» **YOUR ASSIGNMENT**: Once "テレビ、カメラ、スマートフォン、黒色のプラスチックペレットを並べた画像" turns up in a line below, reproduce that line and those after it exactly, stopping after the line with "Home office with"; leave pictures out.

» **MATERIAL FOR THE TASK**:
================================

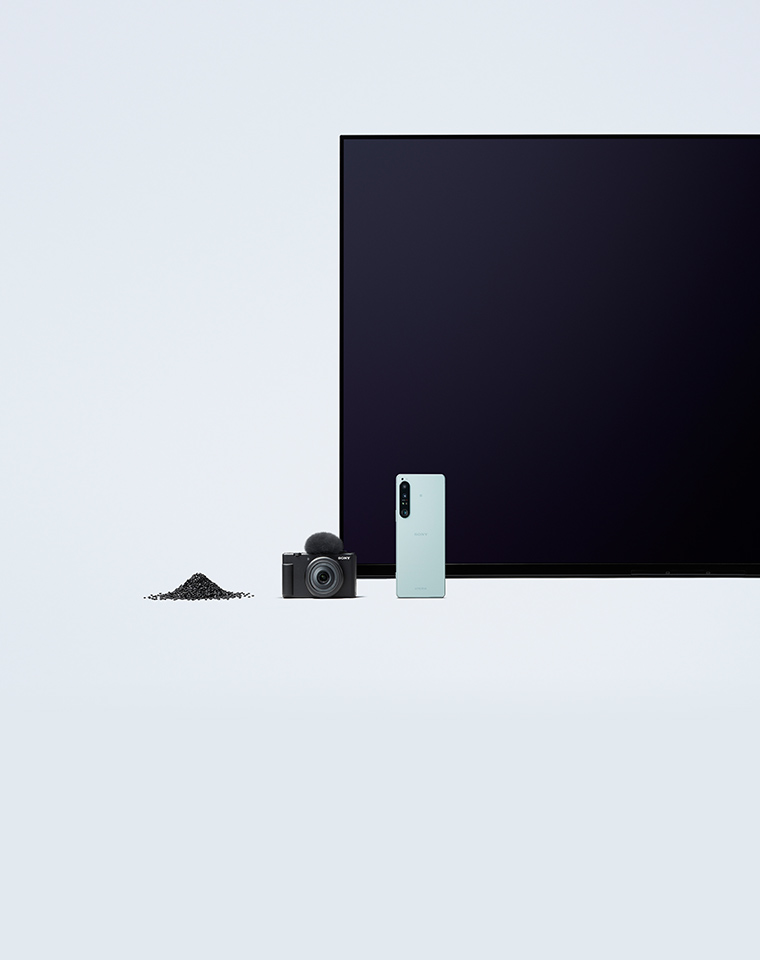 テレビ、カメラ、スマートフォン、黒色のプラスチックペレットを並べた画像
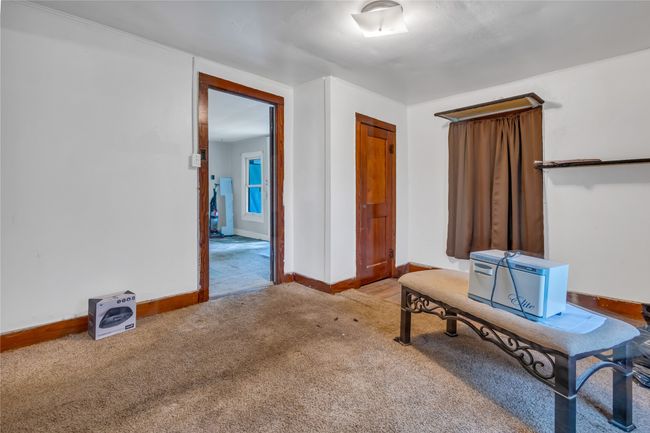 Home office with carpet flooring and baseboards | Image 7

================================

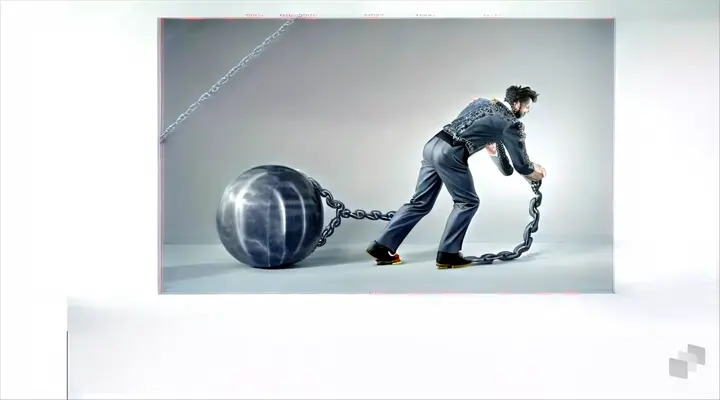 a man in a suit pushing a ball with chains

================================

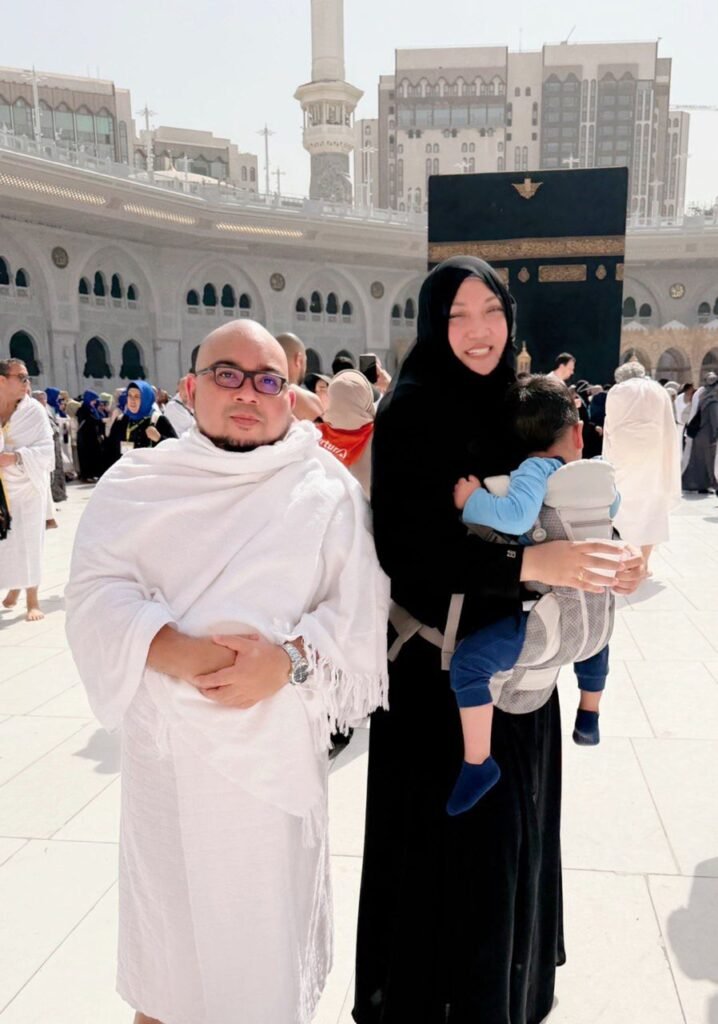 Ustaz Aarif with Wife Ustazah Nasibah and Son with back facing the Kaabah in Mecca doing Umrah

================================

» **YOUR SOLUTION**:
 テレビ、カメラ、スマートフォン、黒色のプラスチックペレットを並べた画像
 Home office with carpet flooring and baseboards | Image 7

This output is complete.